Ottawa's labour market sent a mixed message in June, as the region's unemployment rate rose to 6.7 per cent, up from 6.2 per cent in May, according to the latest figures covering the Ottawa-Gatineau area.
Jobs added, but rate still climbs
Despite the uptick in unemployment, the local economy wasn't shrinking — Ottawa-Gatineau actually gained 300 jobs over the month. That might seem contradictory, but it's a common pattern in labour market data: when more people start actively looking for work (entering or re-entering the labour force), the unemployment rate can rise even if total employment ticks up, because the rate measures job seekers as a share of the whole labour force, not just raw job losses.
For residents watching the local economy closely, the takeaway is nuanced. Ottawa's job market isn't collapsing, but it also isn't tightening the way it was a year or two ago when the region's tech and public sector strength kept unemployment comparatively low.
What it means for Ottawa workers
Ottawa's economy has long leaned on a mix of federal government employment, tech firms in Kanata North, and a growing health and education sector.
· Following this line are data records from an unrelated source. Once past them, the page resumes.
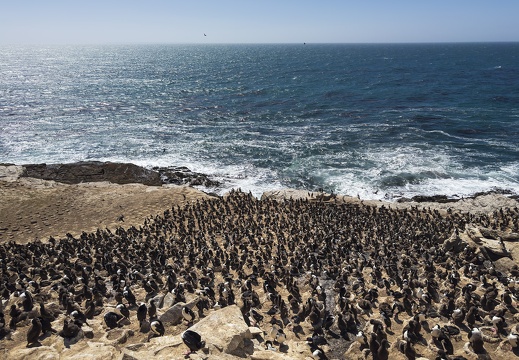 2024 02 West Falkland Carcass Island Hawks Nest Valley Imperial Cormorant Blauaugenscharbe Bild131 web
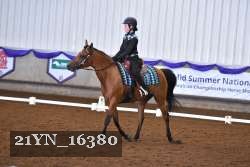 21YN_16380 thumbnail
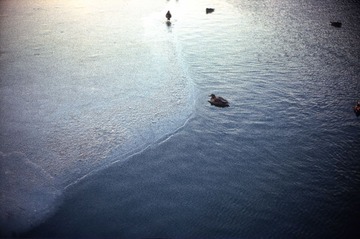 Scan-140207-0038-2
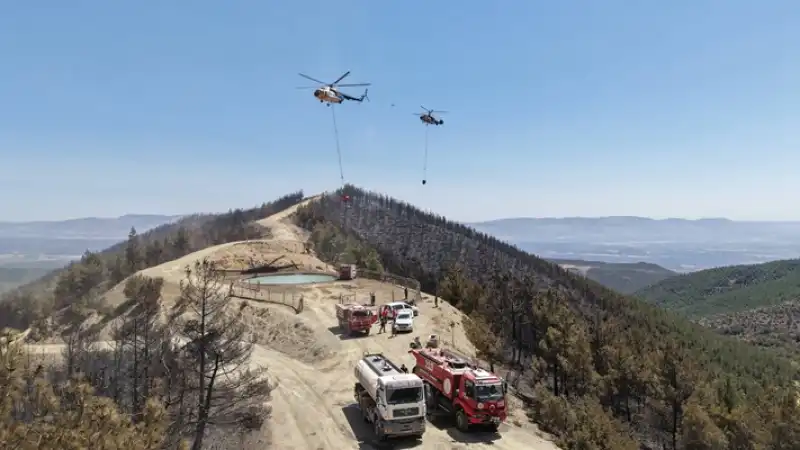 Hatay Hassa'da Dün çıkan Orman Yangınında 1115 Kişi Tahliye Edildi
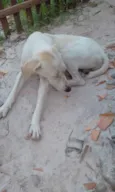 recém nascido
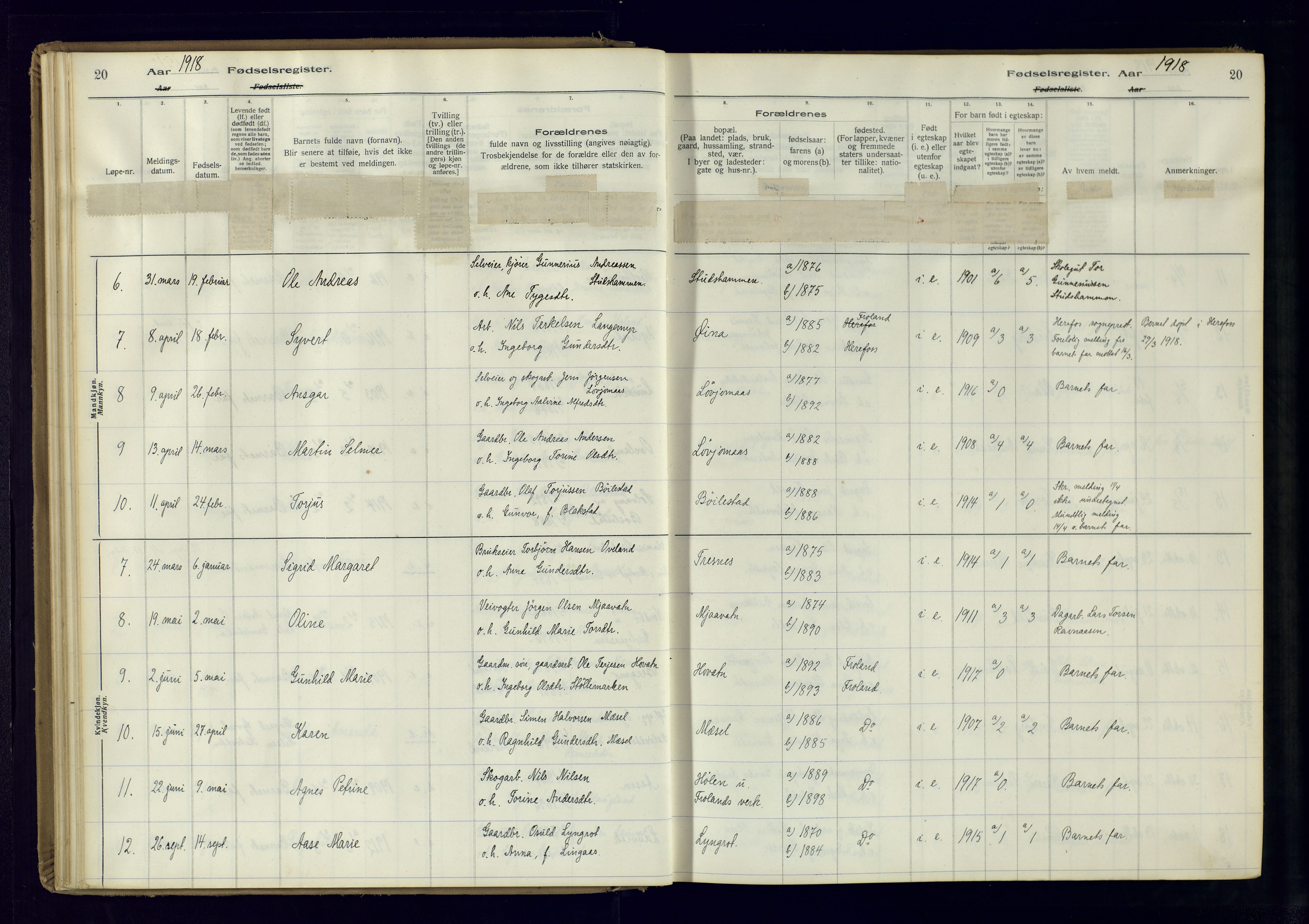 Froland sokneprestkontor, AV/SAK-1111-0013/J/Ja/L0001: Fødselsregister nr. 1, 1916-1950, s. 20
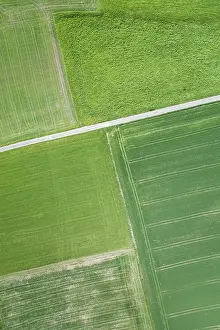Graphic: Luftuafnahme einer geraden Feldstrasse durch grune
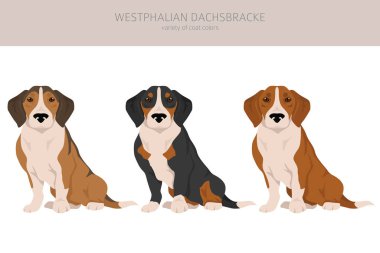 Vestfalya Dachsbracke klipsi. Tüm ceket renkleri ayarlandı. Bütün köpekler karakteristik bilgileri çoğaltır. Vektör illüstrasyonu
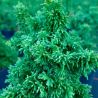 Thuya occidental Sagrada - Thuja occidentalis Sagrada 25/35cm Pot 2,5L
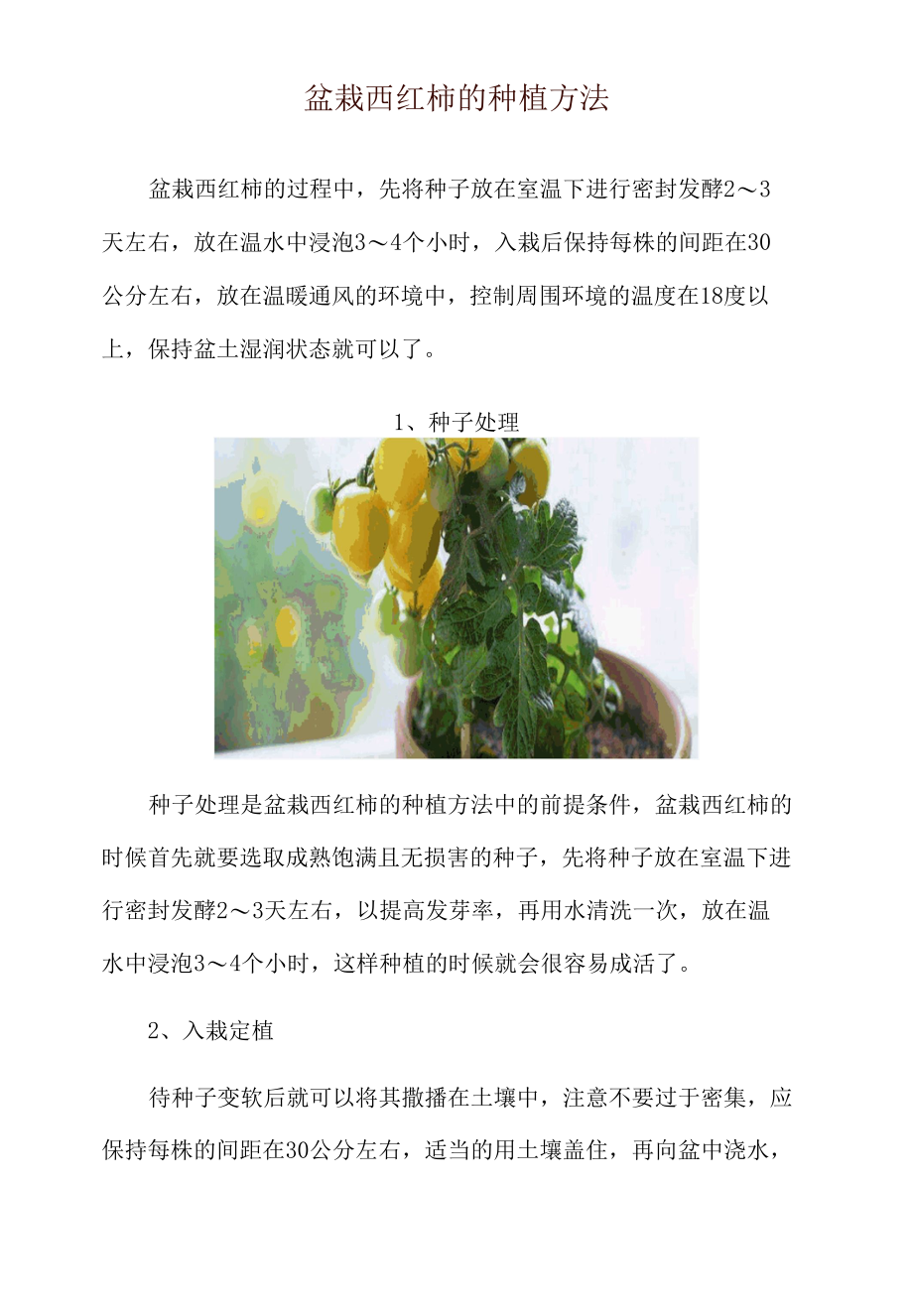 盆栽西红柿的种植方法.docx_第1页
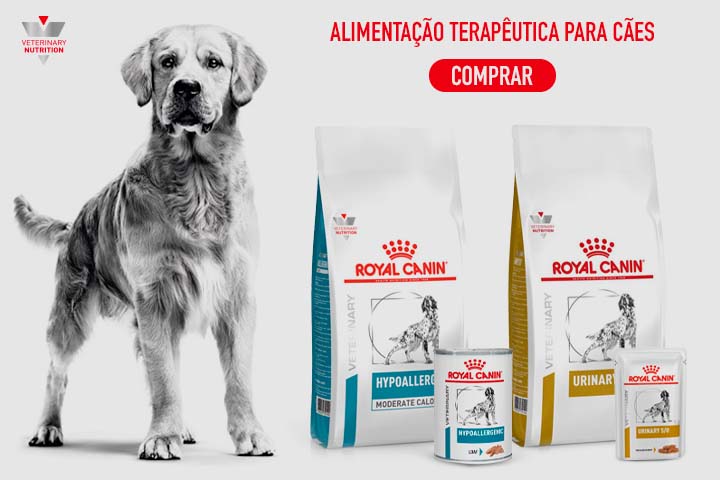 Utilize para  ver mais_1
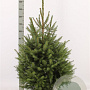 Picea omorika 100-125 cm met kluit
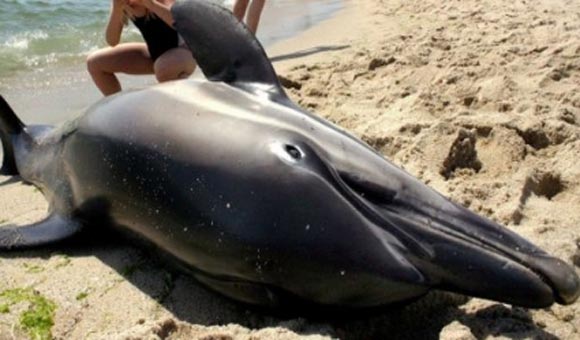 delfin-muerto-por-derrame-de-petroleo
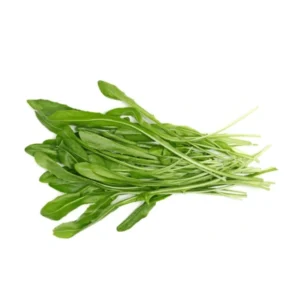 achicoria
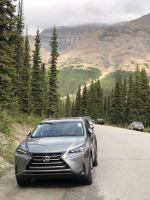 2016 Lexus NX 200t with 20x8.5 wheels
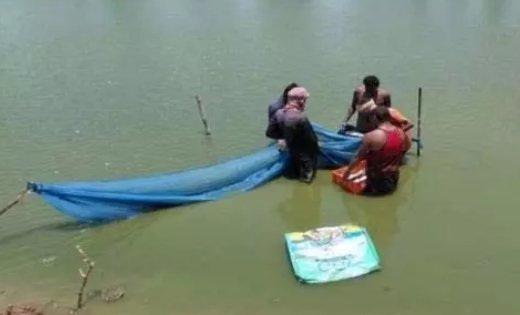 सिर्फ एक तालाब ने बदल दी कामिनी की आर्थिक तस्वीर, वैज्ञानिक मत्स्य पालन से हर साल कमा रहीं करीब 2 लाख रुपये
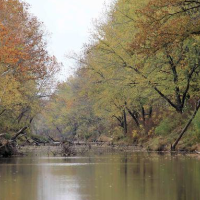 57 Acres Elrod Mill Access Rabbit and Squirrel Hunting in Andrew, MO images 5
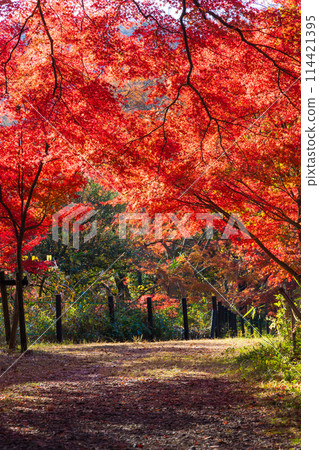 埼玉縣嵐山町的秋天 - 紅葉的嵐山山谷 114421395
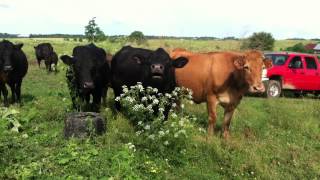 Momma Cows Mooing for their Calves [upl. by Bearce266]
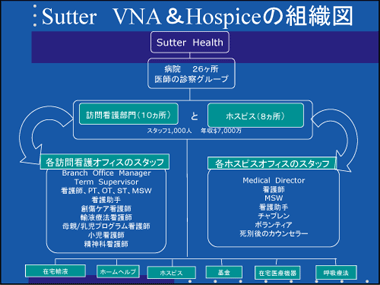 スライド　資料19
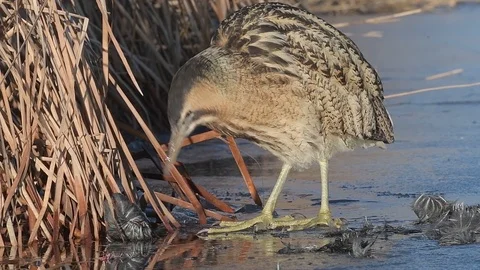 Eurasian Great Bittern (Botaurus Stellaris) drinking water, walking on ice. Video stock 96305980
A rising unemployment rate — even one paired with job creation — can signal that more Ottawa residents are entering the job hunt, whether that's recent graduates, newcomers to the city, or workers displaced from other sectors and now testing the local market.
For job seekers in the city, a 6.7 per cent rate means competition remains real, particularly in white-collar and administrative roles that have seen slower hiring since federal government hiring freezes and efficiency reviews took hold. Local recruiters have noted that while postings haven't dried up, the volume of applicants per role has climbed noticeably over the past year.
Regional context matters
It's worth remembering that the Ottawa-Gatineau figure spans both sides of the Ontario-Quebec border, meaning the number reflects labour conditions across the National Capital Region rather than the City of Ottawa alone. Local economists typically caution against reading too much into a single month's move, since these figures can be volatile and subject to revision.
Still, for a city whose economic identity is closely tied to public-sector stability, a sustained rise in unemployment would be worth watching. Ottawa's cost of living, particularly housing, has already put pressure on residents, and a softer labour market could compound those challenges for anyone already stretched thin.
Looking ahead
Whether June's numbers mark the start of a trend or a one-month blip will become clearer as more data rolls in over the summer. For now, Ottawa job seekers and employers alike are left parsing a report that shows growth and strain happening side by side — a reminder that behind every headline percentage is a more complicated local story about who's working, who's looking, and who's still searching.